Also a "fucking idiot" in Maher's view: Libertarian Party nominee Gary Johnson, who unlike Clinton and Trump has positions similar to Maher's on civil liberties and war. But after The New York Times in September published a scare story about how Johnson-leaning millennials might throw the election away from the presumably entitled Clinton, supposedly independent-thinking comedians of all stripes had a unanimous message to their fans: Don't even think third party. Stephen Colbert called Johnson "laughable." HBO's John Oliver said the Libertarian was "around 80 percent sure that he's running for president." And all three comics were just as harsh on Green Party nominee Jill Stein.
Fewer and fewer voters are buying into this dreary us vs. them shtick—the percentage of people who self-identified as "independents" at mid-September of an election year has increased since 2004 from 29 to 35 to 38 to 40, according to Gallup—but that still leaves three-fifths of the adult population with a Pavlovian impulse to mobilize against the Other Guy every time someone bangs the "most important election of our lifetimes" gong.
Human hearts, no matter how damaged, wrong, or plain cruel, can always be changed. More challenging is to uproot what might be called the ghost architecture of the two-party system, the hidden edifices that trap us in a political duopoly.
Ballot access laws, the bane to every third party's existence, are written, enforced, and interpreted by politicians with primary affiliations to the Democratic and Republican parties. In September, Florida's Division of Elections, which reports directly to GOP Gov. Rick Scott, ruled that independent conservative candidate Evan McMullin, who had been nominated legally by the Independent Party of Florida, would nonetheless not appear on the November ballot.

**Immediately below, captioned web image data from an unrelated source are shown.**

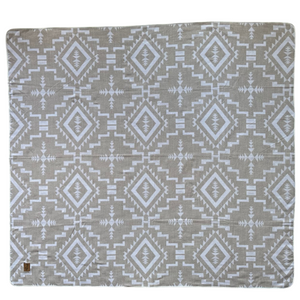 Coca Aztec Reversible Blanket  //  Beige/White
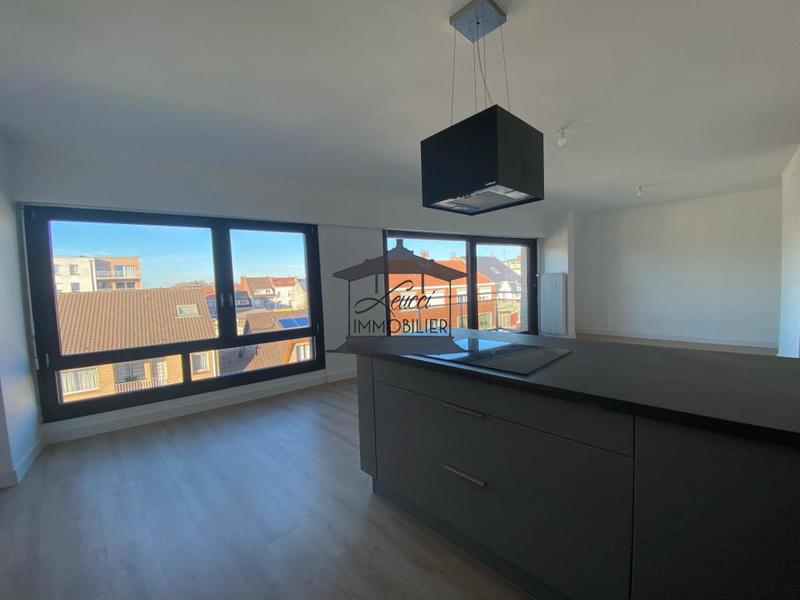 Appartement - 93 m² - 4 pièces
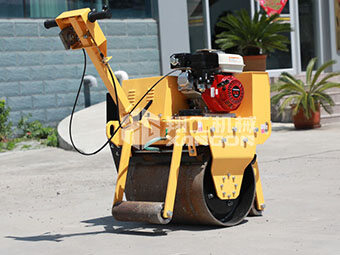 為什么別人家小型壓路機(jī)長壽？秘訣在這里！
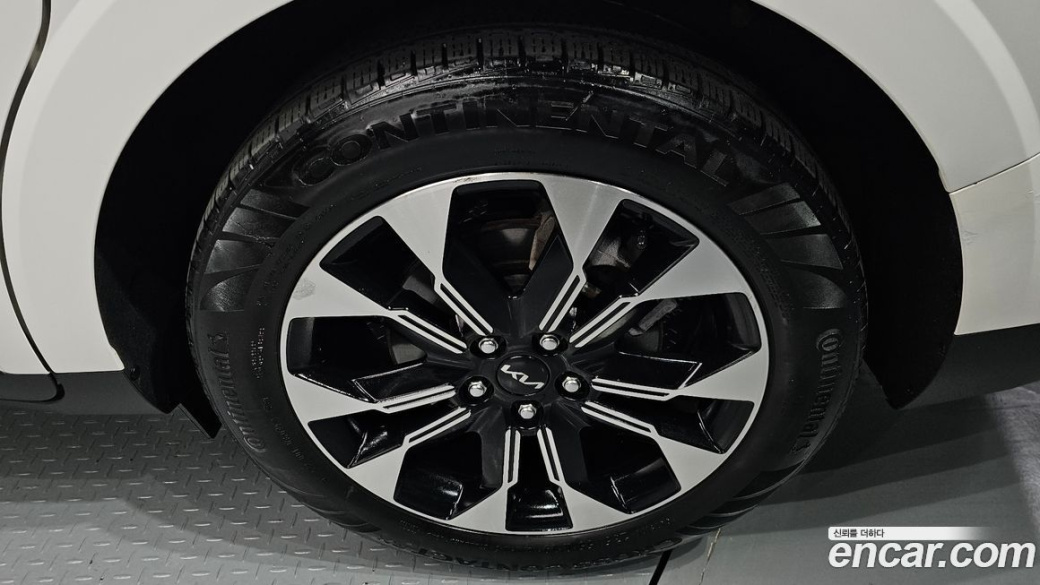 Kia Carnival 9-Seater Signature, 2023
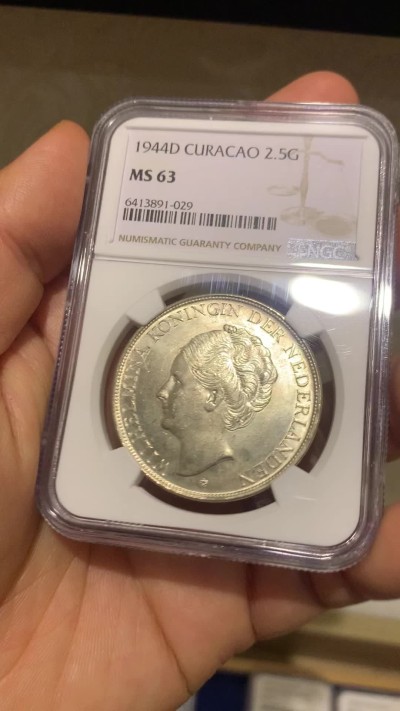 《竞宝斋》第224场-周日，周一，周二 3场 (全场包邮) NGC MS63 荷属库拉索1944D女王威廉明娜2.5盾银币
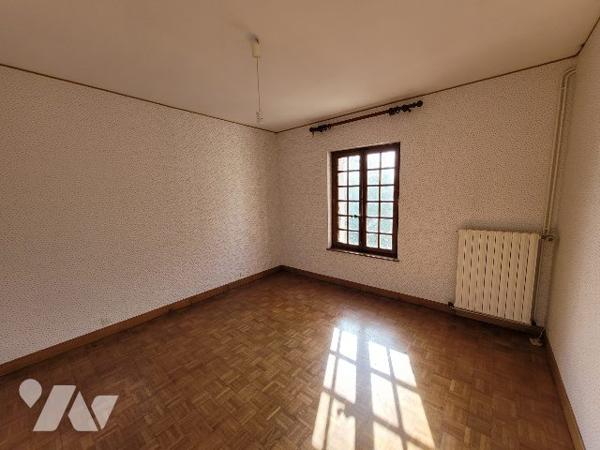 MAISON ANCIENNE 3CHS GARAGE JARDIN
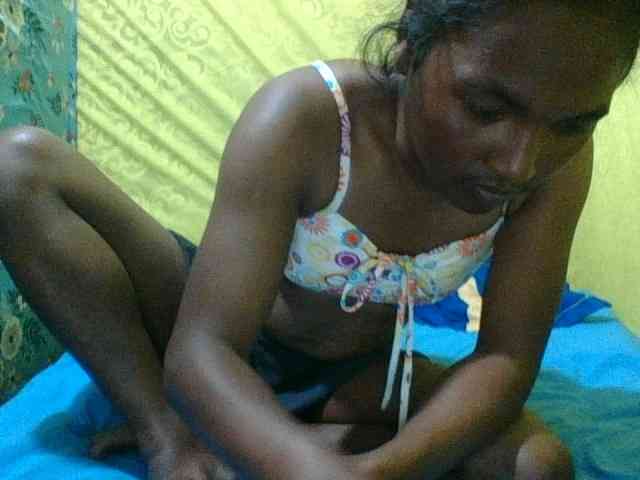 Raissa-Suan webcam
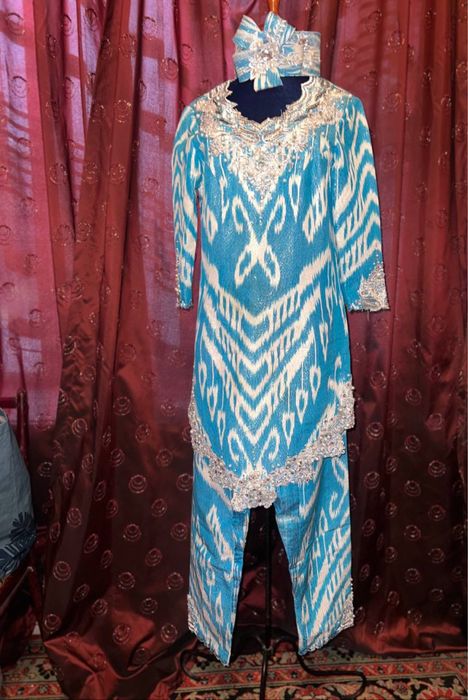 Адрас платье , сшит из дорого адраса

Why? Because, in a reversal of an order given five years before, the state suddenly decided that qualifying political parties had to be one of the 13 officially recognized "national parties" in the eyes of the Federal Election Commission, even though states obviously have the legal leeway to set their own election guidelines. "Now that the [major] parties are suffering in Florida and are less powerful," Ballot Access News guru Richard Winger told Politico, "the state feels it can change the rule with impunity."
Blocking out a candidate who takes most of his support from Republicans was a blatant attempt to protect the GOP in a state known for its election-swinging potential. Did I mention that Gov. Scott ran a Trump-supporting SuperPAC?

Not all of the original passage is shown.